FCC Chair Ajit Pai Has No Plans To Review AT&T/Time Warner Merger

Image courtesy of FCC.gov

In recent years, the FCC played a key part in blocking the mergers of AT&T and T-Mobile, and Comcast and Time Warner Cable, while also using its regulatory leverage to place pro-consumer conditions on the mergers it did approve — like getting Charter to agree to not use data caps for seven years. However, the FCC will apparently give AT&T its wish and not even chime in on the pending merger of AT&T and Time Warner.

This is according to recently elevated FCC Chair Ajit Pai, who told the Wall Street Journal today that he has no reason to review the merger if it’s not brought to the Commission’s attention.

“My understanding is that the deal won’t be presented to the commission,” Pai told the Journal.

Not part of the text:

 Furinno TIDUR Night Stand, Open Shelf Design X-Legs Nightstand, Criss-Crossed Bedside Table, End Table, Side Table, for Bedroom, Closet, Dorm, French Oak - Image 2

A merger involving AT&T (the nation’s largest phone service provider, and second-largest pay-TV provider) and Time Warner (one of the biggest players in pay-TV content, with channels like CNN and HBO) might seem like it’s destined for FCC review, AT&T has maintained that the combination of the two companies won’t involve any swapping of airwave licenses, so the FCC need not involve itself.

Time Warner recently sold one of the few licenses it does have — Atlanta broadcast TV station WPCH — to Meredith. The merging companies contend that the remaining licenses are not for broadcast but for services like satellite uplinks, that they say won’t need to be transferred as part of the deal.

If the FCC does not get the chance to vet this merger, that means that only the Justice Department looks at the deal. However, unlike the FCC review process, a DOJ review does not take into account the generalized question of whether a merger is in the public interest. It’s that aspect of FCC vetting that has allowed the Commission to place certain restrictions on mergers over the years.

As it became more evident that a Pai-led FCC was unlikely to pursue this matter, a group of U.S. Senators recently asked AT&T to explain how this merger could benefit American consumers.

AT&T’s response was a bit baffling, claiming that neither AT&T nor Time Warner “approaches the market dominance that both would need to hobble distribution competitors” or raise prices.

AT&T downplayed the size of its pay-TV reach by saying that it is the second or third most popular pay-TV provider in most markets. What the company glosses over is that DirecTV, because it’s not tied to pesky network infrastructure like cable or fiber lines, is in virtually every market.